Exactly the lines from the one holding "1girl, accessories, piercing" through the end of the material below must be printed, nothing more, and the pictures must be dropped.
════════════════
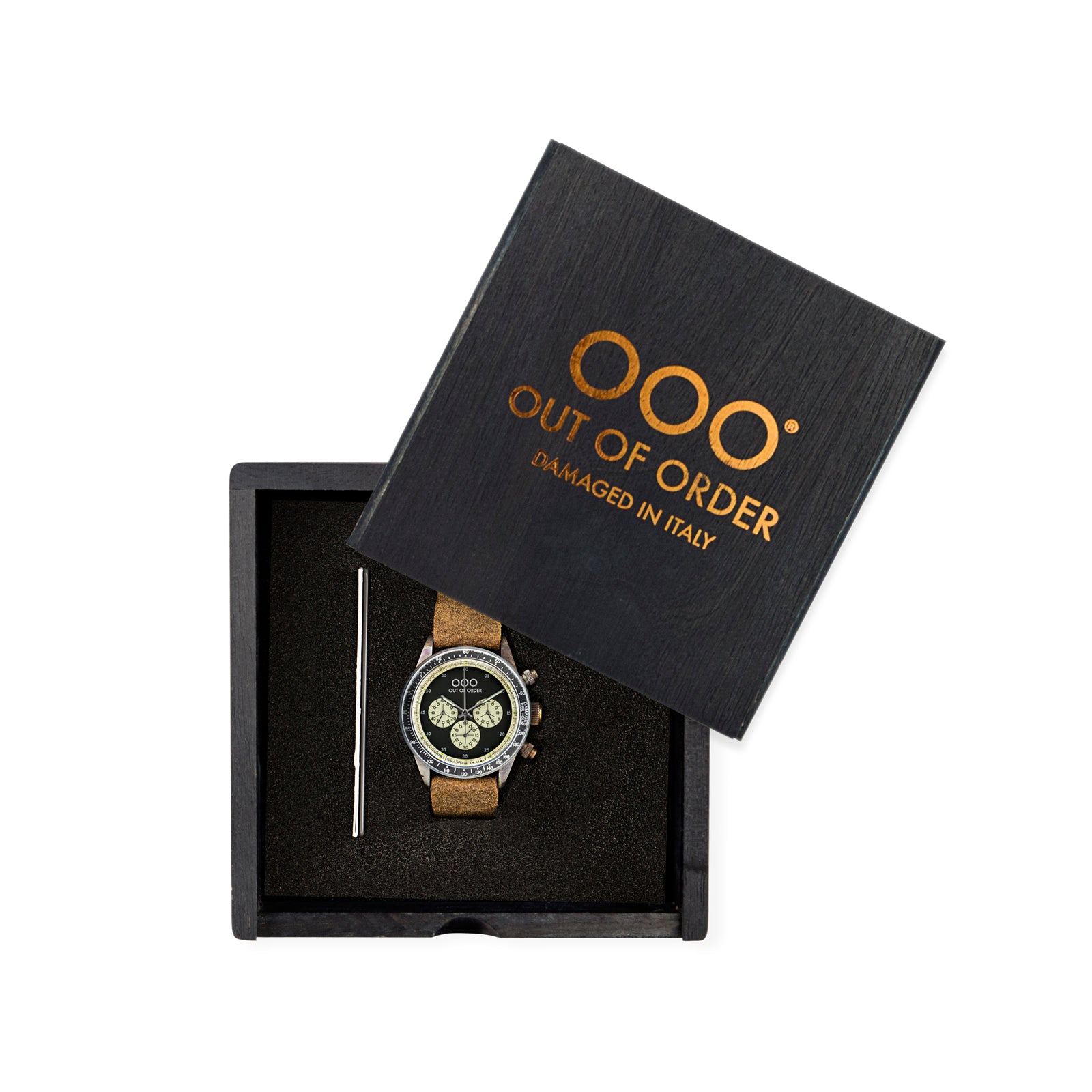 Out Of Order Cronografo Brown Black orologio crono 42mm pelle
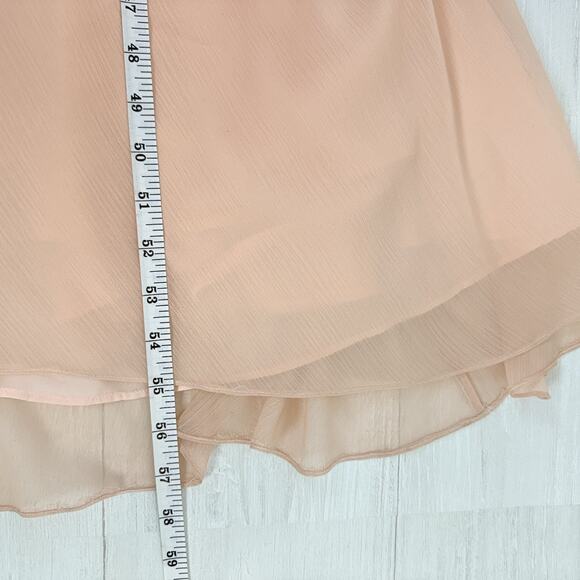 Angelina Faccenda Bridesmaids Gown Size 8 Blush Pink One Shoulder Chiffon Prom - Picture 15 of 16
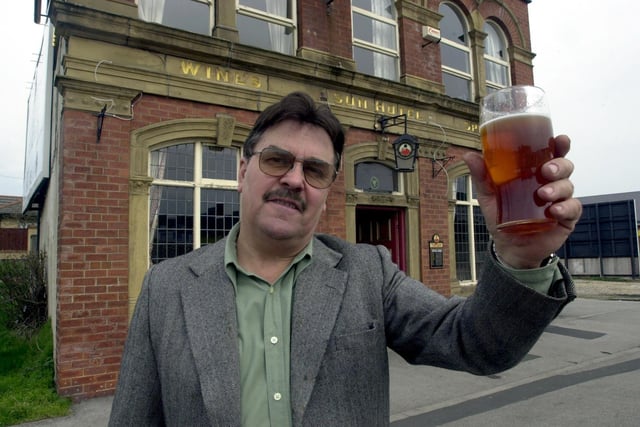 Trevor Harrison, landlord of The Sun pub on Church Street in Hunslet, Leeds, pictured in March, 2002.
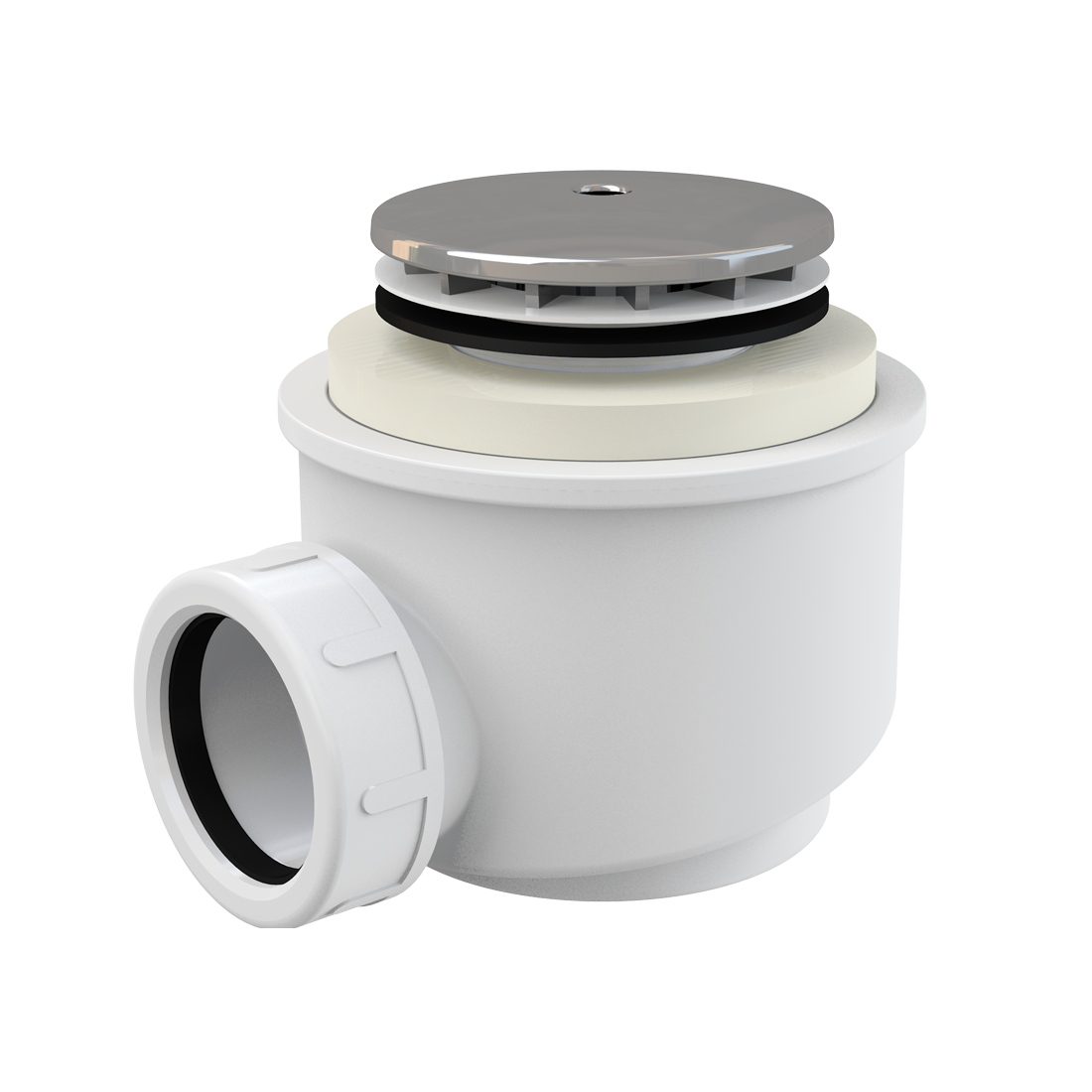 Alca Drain A47CR-50 Chrome sifon za tuš kade sa odlivom Ø50mm bez preliva sa visinom ugradnje 79mm samočisteći sa priključkom Ø40mm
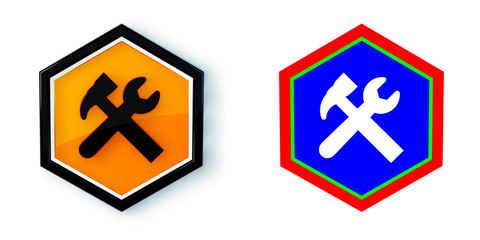 Fototapeta premium Ikona sześciobok 3D sześciokąt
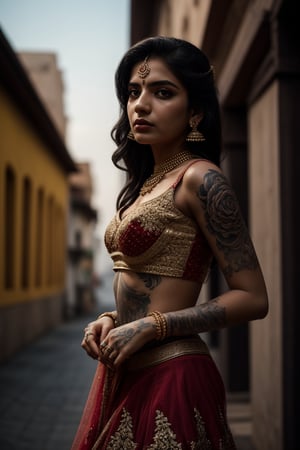 1girl, accessories, piercing , lip piercing , misterious, masterpiece, best quality, dynamic angle, cinematic composition, lehenga,  tattoo 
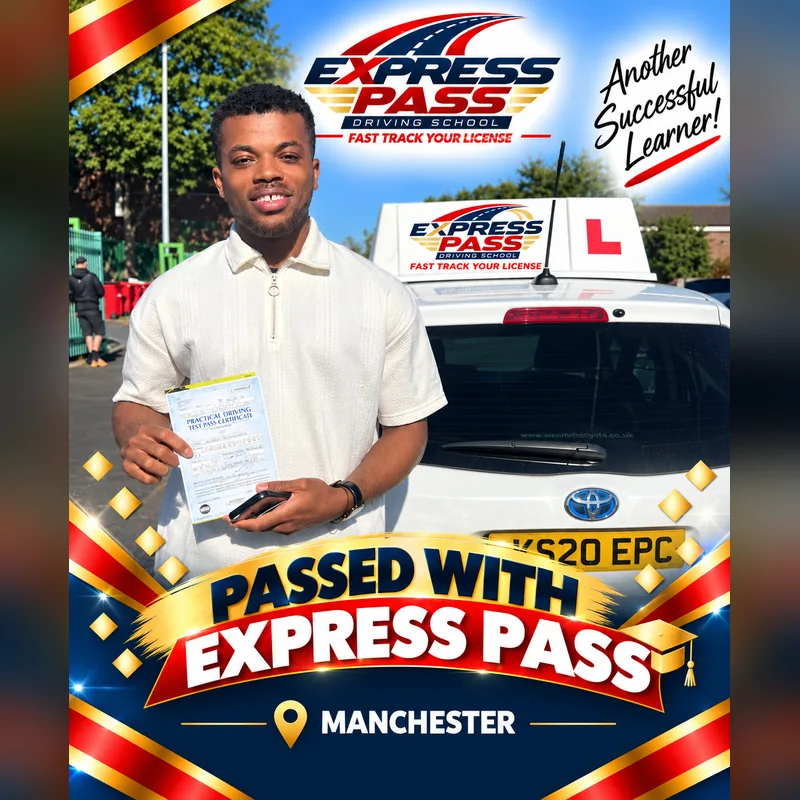 Express Pass student holding their driving test pass certificate — Manchester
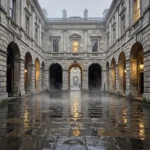Historic Courtyard London Cityscape Wall Art Canvas Print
════════════════
■ **Problem solution**
 1girl, accessories, piercing , lip piercing , misterious, masterpiece, best quality, dynamic angle, cinematic composition, lehenga,  tattoo 
 Express Pass student holding their driving test pass certificate — Manchester
Historic Courtyard London Cityscape Wall Art Canvas Print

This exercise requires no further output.